→ **Data for review**:
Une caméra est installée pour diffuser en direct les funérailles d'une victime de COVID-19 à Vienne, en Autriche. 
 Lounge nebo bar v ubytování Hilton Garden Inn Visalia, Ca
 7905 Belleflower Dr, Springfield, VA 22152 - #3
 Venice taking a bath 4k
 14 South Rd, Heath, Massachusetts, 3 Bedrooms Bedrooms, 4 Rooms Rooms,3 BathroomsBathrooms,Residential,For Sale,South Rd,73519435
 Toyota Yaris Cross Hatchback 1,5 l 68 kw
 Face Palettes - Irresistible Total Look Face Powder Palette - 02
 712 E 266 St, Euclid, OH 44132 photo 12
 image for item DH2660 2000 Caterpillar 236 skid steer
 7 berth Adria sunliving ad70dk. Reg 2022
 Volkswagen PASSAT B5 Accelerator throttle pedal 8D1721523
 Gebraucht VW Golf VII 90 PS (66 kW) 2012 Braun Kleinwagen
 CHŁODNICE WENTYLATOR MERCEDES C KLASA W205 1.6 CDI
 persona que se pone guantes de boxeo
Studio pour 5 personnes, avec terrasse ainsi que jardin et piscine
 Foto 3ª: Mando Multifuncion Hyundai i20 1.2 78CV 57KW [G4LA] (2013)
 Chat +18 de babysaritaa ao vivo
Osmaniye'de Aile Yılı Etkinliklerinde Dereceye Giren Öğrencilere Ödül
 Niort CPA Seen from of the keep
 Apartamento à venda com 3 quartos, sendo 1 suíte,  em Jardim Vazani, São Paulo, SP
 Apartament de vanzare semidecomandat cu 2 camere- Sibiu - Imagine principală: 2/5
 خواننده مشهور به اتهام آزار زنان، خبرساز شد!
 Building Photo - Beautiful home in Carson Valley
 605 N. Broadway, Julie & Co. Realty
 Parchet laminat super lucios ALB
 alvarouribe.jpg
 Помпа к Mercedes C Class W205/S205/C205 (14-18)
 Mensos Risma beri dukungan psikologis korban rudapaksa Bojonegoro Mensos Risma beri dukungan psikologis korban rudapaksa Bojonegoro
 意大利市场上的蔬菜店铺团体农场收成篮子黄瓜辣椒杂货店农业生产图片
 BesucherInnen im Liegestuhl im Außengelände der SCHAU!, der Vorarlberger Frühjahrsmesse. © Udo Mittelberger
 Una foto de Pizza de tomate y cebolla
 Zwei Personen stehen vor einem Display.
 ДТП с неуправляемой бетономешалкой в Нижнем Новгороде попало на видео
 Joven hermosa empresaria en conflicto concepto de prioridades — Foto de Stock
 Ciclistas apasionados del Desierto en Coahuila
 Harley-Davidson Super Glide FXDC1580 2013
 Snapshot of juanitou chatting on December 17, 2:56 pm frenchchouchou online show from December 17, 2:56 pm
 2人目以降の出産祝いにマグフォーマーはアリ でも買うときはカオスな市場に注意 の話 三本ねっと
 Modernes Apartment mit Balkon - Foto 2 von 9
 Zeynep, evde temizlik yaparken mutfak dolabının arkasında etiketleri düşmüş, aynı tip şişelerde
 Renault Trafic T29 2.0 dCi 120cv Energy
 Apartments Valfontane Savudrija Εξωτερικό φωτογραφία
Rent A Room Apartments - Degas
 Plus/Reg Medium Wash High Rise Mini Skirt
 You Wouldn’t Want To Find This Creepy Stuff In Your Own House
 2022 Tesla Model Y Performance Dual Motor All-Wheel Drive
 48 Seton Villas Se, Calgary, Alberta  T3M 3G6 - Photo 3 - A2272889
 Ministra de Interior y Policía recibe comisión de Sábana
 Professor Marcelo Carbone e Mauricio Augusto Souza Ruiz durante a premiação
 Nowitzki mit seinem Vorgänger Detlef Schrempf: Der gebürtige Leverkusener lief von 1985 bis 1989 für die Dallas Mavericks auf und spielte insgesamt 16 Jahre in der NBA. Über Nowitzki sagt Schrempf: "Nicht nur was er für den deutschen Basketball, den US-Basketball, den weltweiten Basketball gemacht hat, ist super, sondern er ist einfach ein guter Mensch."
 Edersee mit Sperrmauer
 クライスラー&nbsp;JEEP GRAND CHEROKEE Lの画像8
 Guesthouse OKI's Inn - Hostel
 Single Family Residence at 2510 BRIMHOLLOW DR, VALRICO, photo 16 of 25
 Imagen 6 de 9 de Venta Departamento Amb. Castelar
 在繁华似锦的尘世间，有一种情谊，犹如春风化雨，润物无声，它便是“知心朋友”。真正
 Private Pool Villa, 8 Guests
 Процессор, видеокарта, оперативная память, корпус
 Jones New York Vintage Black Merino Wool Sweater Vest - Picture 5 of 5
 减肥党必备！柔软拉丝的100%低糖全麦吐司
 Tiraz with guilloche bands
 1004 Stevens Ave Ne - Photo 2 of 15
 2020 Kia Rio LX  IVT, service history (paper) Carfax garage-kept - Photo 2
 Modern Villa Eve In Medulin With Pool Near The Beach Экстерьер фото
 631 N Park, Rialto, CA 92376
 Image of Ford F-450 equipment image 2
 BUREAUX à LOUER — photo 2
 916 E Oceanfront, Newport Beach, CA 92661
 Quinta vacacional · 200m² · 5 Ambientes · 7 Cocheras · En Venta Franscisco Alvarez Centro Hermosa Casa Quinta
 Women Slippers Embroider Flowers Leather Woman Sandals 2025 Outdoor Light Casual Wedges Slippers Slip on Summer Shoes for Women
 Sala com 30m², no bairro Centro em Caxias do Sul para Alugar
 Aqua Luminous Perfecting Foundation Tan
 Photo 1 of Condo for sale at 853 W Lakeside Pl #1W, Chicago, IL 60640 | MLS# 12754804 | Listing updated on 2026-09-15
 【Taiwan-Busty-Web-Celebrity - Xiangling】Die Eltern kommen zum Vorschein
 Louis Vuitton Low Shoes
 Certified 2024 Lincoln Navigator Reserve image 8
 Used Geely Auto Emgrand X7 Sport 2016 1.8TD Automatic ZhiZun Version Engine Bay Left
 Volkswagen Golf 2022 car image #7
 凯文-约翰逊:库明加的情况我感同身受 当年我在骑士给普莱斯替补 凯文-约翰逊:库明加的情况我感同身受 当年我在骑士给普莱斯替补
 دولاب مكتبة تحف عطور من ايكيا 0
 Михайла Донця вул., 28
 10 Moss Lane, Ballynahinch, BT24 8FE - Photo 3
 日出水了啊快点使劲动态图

→ **Your instructions**:
Print out every entry, keeping each one exact.

→ **The completed task**:
Une caméra est installée pour diffuser en direct les funérailles d'une victime de COVID-19 à Vienne, en Autriche. 
 Lounge nebo bar v ubytování Hilton Garden Inn Visalia, Ca
 7905 Belleflower Dr, Springfield, VA 22152 - #3
 Venice taking a bath 4k
 14 South Rd, Heath, Massachusetts, 3 Bedrooms Bedrooms, 4 Rooms Rooms,3 BathroomsBathrooms,Residential,For Sale,South Rd,73519435
 Toyota Yaris Cross Hatchback 1,5 l 68 kw
 Face Palettes - Irresistible Total Look Face Powder Palette - 02
 712 E 266 St, Euclid, OH 44132 photo 12
 image for item DH2660 2000 Caterpillar 236 skid steer
 7 berth Adria sunliving ad70dk. Reg 2022
 Volkswagen PASSAT B5 Accelerator throttle pedal 8D1721523
 Gebraucht VW Golf VII 90 PS (66 kW) 2012 Braun Kleinwagen
 CHŁODNICE WENTYLATOR MERCEDES C KLASA W205 1.6 CDI
 persona que se pone guantes de boxeo
Studio pour 5 personnes, avec terrasse ainsi que jardin et piscine
 Foto 3ª: Mando Multifuncion Hyundai i20 1.2 78CV 57KW [G4LA] (2013)
 Chat +18 de babysaritaa ao vivo
Osmaniye'de Aile Yılı Etkinliklerinde Dereceye Giren Öğrencilere Ödül
 Niort CPA Seen from of the keep
 Apartamento à venda com 3 quartos, sendo 1 suíte,  em Jardim Vazani, São Paulo, SP
 Apartament de vanzare semidecomandat cu 2 camere- Sibiu - Imagine principală: 2/5
 خواننده مشهور به اتهام آزار زنان، خبرساز شد!
 Building Photo - Beautiful home in Carson Valley
 605 N. Broadway, Julie & Co. Realty
 Parchet laminat super lucios ALB
 alvarouribe.jpg
 Помпа к Mercedes C Class W205/S205/C205 (14-18)
 Mensos Risma beri dukungan psikologis korban rudapaksa Bojonegoro Mensos Risma beri dukungan psikologis korban rudapaksa Bojonegoro
 意大利市场上的蔬菜店铺团体农场收成篮子黄瓜辣椒杂货店农业生产图片
 BesucherInnen im Liegestuhl im Außengelände der SCHAU!, der Vorarlberger Frühjahrsmesse. © Udo Mittelberger
 Una foto de Pizza de tomate y cebolla
 Zwei Personen stehen vor einem Display.
 ДТП с неуправляемой бетономешалкой в Нижнем Новгороде попало на видео
 Joven hermosa empresaria en conflicto concepto de prioridades — Foto de Stock
 Ciclistas apasionados del Desierto en Coahuila
 Harley-Davidson Super Glide FXDC1580 2013
 Snapshot of juanitou chatting on December 17, 2:56 pm frenchchouchou online show from December 17, 2:56 pm
 2人目以降の出産祝いにマグフォーマーはアリ でも買うときはカオスな市場に注意 の話 三本ねっと
 Modernes Apartment mit Balkon - Foto 2 von 9
 Zeynep, evde temizlik yaparken mutfak dolabının arkasında etiketleri düşmüş, aynı tip şişelerde
 Renault Trafic T29 2.0 dCi 120cv Energy
 Apartments Valfontane Savudrija Εξωτερικό φωτογραφία
Rent A Room Apartments - Degas
 Plus/Reg Medium Wash High Rise Mini Skirt
 You Wouldn’t Want To Find This Creepy Stuff In Your Own House
 2022 Tesla Model Y Performance Dual Motor All-Wheel Drive
 48 Seton Villas Se, Calgary, Alberta  T3M 3G6 - Photo 3 - A2272889
 Ministra de Interior y Policía recibe comisión de Sábana
 Professor Marcelo Carbone e Mauricio Augusto Souza Ruiz durante a premiação
 Nowitzki mit seinem Vorgänger Detlef Schrempf: Der gebürtige Leverkusener lief von 1985 bis 1989 für die Dallas Mavericks auf und spielte insgesamt 16 Jahre in der NBA. Über Nowitzki sagt Schrempf: "Nicht nur was er für den deutschen Basketball, den US-Basketball, den weltweiten Basketball gemacht hat, ist super, sondern er ist einfach ein guter Mensch."
 Edersee mit Sperrmauer
 クライスラー&nbsp;JEEP GRAND CHEROKEE Lの画像8
 Guesthouse OKI's Inn - Hostel
 Single Family Residence at 2510 BRIMHOLLOW DR, VALRICO, photo 16 of 25
 Imagen 6 de 9 de Venta Departamento Amb. Castelar
 在繁华似锦的尘世间，有一种情谊，犹如春风化雨，润物无声，它便是“知心朋友”。真正
 Private Pool Villa, 8 Guests
 Процессор, видеокарта, оперативная память, корпус
 Jones New York Vintage Black Merino Wool Sweater Vest - Picture 5 of 5
 减肥党必备！柔软拉丝的100%低糖全麦吐司
 Tiraz with guilloche bands
 1004 Stevens Ave Ne - Photo 2 of 15
 2020 Kia Rio LX  IVT, service history (paper) Carfax garage-kept - Photo 2
 Modern Villa Eve In Medulin With Pool Near The Beach Экстерьер фото
 631 N Park, Rialto, CA 92376
 Image of Ford F-450 equipment image 2
 BUREAUX à LOUER — photo 2
 916 E Oceanfront, Newport Beach, CA 92661
 Quinta vacacional · 200m² · 5 Ambientes · 7 Cocheras · En Venta Franscisco Alvarez Centro Hermosa Casa Quinta
 Women Slippers Embroider Flowers Leather Woman Sandals 2025 Outdoor Light Casual Wedges Slippers Slip on Summer Shoes for Women
 Sala com 30m², no bairro Centro em Caxias do Sul para Alugar
 Aqua Luminous Perfecting Foundation Tan
 Photo 1 of Condo for sale at 853 W Lakeside Pl #1W, Chicago, IL 60640 | MLS# 12754804 | Listing updated on 2026-09-15
 【Taiwan-Busty-Web-Celebrity - Xiangling】Die Eltern kommen zum Vorschein
 Louis Vuitton Low Shoes
 Certified 2024 Lincoln Navigator Reserve image 8
 Used Geely Auto Emgrand X7 Sport 2016 1.8TD Automatic ZhiZun Version Engine Bay Left
 Volkswagen Golf 2022 car image #7
 凯文-约翰逊:库明加的情况我感同身受 当年我在骑士给普莱斯替补 凯文-约翰逊:库明加的情况我感同身受 当年我在骑士给普莱斯替补
 دولاب مكتبة تحف عطور من ايكيا 0
 Михайла Донця вул., 28
 10 Moss Lane, Ballynahinch, BT24 8FE - Photo 3
 日出水了啊快点使劲动态图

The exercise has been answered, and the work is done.